In stark contrast to the racism peddled by much of the trade-union leadership, William “Big Bill” Haywood, then a leader of the Western Federation of Miners and later a fervent supporter of the 1917 Russian Revolution, telegrammed during the 1903 Vancouver Island miners strike at Ladysmith: “We approve of calling out any or all men necessary to win at Ladysmith. Organize Japanese and Chinese if possible.”

Down With Racist Scapegoating!

Anti-Asian reaction is by no means simply history. B.C.’s ethnic minorities, Chinese people in particular, remain the target of racist slurs and verbal abuse in the workplace and in public. The Canadian-nationalist union tops, too, have inflamed such divisions. Only three years ago, union misleaders in B.C. spearheaded a vicious campaign over the hiring of 200 Chinese temporary foreign workers at a coal mine in northern B.C. As we said at the time: “Such campaigns are poison. They serve only to pit Canadian working people against their class brothers and sisters abroad and, increasingly, against foreign-born workers at home” (“Union Tops’ Ugly Campaign Against Foreign Workers in B.C.,” Spartacist Canada No. 175, Winter 2012/2013). Against this, a class-struggle leadership would fight to unionize such foreign-born workers, demanding equal pay for equal work. It would combat all forms of anti-immigrant bigotry, demanding full citizenship rights for all immigrants.

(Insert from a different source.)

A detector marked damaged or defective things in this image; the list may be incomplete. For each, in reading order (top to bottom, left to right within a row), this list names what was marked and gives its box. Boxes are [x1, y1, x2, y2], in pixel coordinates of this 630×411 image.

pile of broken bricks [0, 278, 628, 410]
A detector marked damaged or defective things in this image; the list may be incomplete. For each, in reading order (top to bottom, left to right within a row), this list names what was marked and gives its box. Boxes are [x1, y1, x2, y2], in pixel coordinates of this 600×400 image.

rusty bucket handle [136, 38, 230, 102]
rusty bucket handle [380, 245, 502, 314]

In the last couple of decades, anti-Chinese bigotry in B.C. has also been inflamed by the supposed role of Asian investors in driving up house prices. According to one recent study, Vancouver now has the second most unaffordable housing market in the world after Hong Kong—worse than London and New York! Vancouver is a rapidly growing city with limited land space. Its housing stock is largely made up of single-family homes which use a huge amount of scarce land. Meanwhile, low interest rates have driven up demand as desperate young families scrape together a down payment. As for the large and growing number of poor and unemployed, they can scarcely find a roach-infested room to flop in. Homelessness, addiction, street prostitution and general human decrepitude are stark and highly visible.

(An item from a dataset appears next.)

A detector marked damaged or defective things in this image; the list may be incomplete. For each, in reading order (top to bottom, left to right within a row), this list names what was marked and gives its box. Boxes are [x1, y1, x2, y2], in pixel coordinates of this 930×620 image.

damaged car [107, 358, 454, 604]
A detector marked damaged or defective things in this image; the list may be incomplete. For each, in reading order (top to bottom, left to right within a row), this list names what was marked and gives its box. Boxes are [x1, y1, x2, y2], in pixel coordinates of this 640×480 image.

It is the profit-driven capitalist system which creates grinding poverty, rampant unemployment and precarious conditions of life for working people. Under capitalism, housing is always the source of vast profits for developers, real estate magnates and slumlords. But the furor being whipped up over absentee investors from China who have parked their money in downtown condos and multimillion-dollar West Side houses serves only to further fuel a racist backlash.

As for the hundreds of thousands of Chinese people in Canada, they do not form a homogeneous group and are, like all communities, divided along class and other lines. A handful are quite rich capitalists, but the vast majority are workers, students or petty-bourgeois shopkeepers and professionals. There are also divisions between the earlier generations of immigrants and those who have come more recently. Many of the former are Cantonese speakers originally from the former British colony of Hong Kong, while the more recent immigrants are largely Mandarin speakers from mainland China who often have less command of English. Some among the Hong Kong-derived layers have come out publicly against Chinese-only signs in Richmond, in part to try to quell the racist backlash of which they are also victims.

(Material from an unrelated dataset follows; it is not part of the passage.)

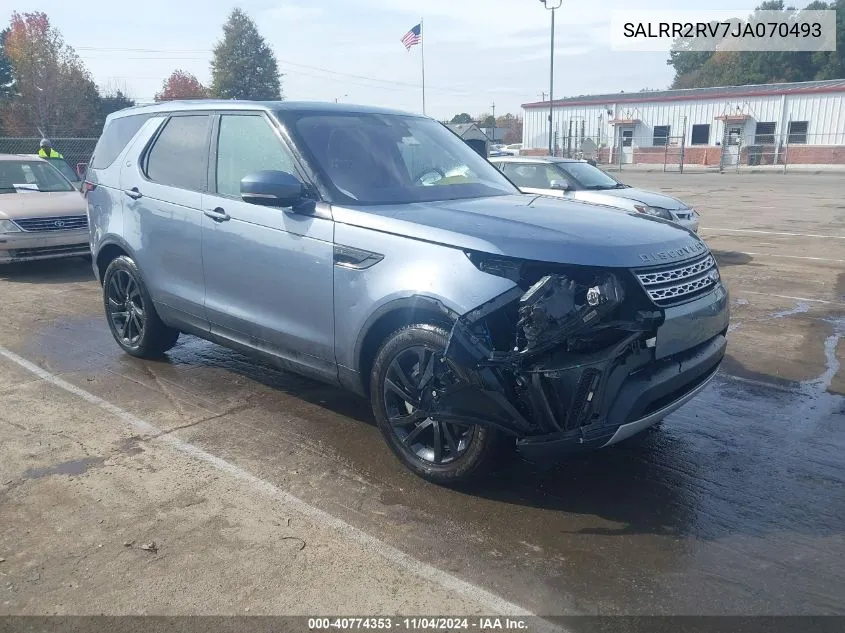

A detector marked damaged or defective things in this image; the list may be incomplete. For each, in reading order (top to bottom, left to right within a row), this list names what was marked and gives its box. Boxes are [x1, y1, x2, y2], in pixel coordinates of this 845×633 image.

damaged silver suv [87, 101, 732, 482]
front-end damage [422, 253, 724, 460]
crumpled front bumper [516, 330, 724, 460]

Defend the Gains of the Chinese Revolution!

The differing origins and makeup of B.C.’s Chinese population reflect developments in contemporary China itself. The 1949 Chinese Revolution swept away the rule of the warlords and their European imperialist masters. Despite profound deformations from the outset under the rule of a nationalist Stalinist bureaucracy, the workers state that emerged represents a tremendous gain for workers and the oppressed the world over. Hong Kong, in contrast, remained a capitalist enclave under British rule until it was repatriated to China in 1997.

Thanks to its collectivized economy, China has brought hundreds of millions of people out of dire poverty into social production and massively advanced living standards. The state-owned enterprises that remain at the heart of the economy are not operated for the profit of a tiny handful of ultra-rich capitalists, unlike private companies under capitalism. For this reason, the imperialist powers will not rest until they have regained China for untrammelled exploitation. It is in the interests of workers everywhere to stand unconditionally in defense of China against imperialism and capitalist restoration.

China’s collectivized economy has somewhat shielded it from the depredations of the world capitalist market, but the rule of the Stalinist bureaucracy under Mao and his successors has blocked the road to the achievement of genuine socialism. To fully realize the potential of the collectivized economy, the bureaucracy must be swept away through a workers political revolution and replaced with a government based on workers democracy. Instead of the Stalinists’ pipedream of “peaceful coexistence” with the capitalist-imperialist world, a revolutionary government of the workers and peasants would fight for a perspective of international socialist revolution.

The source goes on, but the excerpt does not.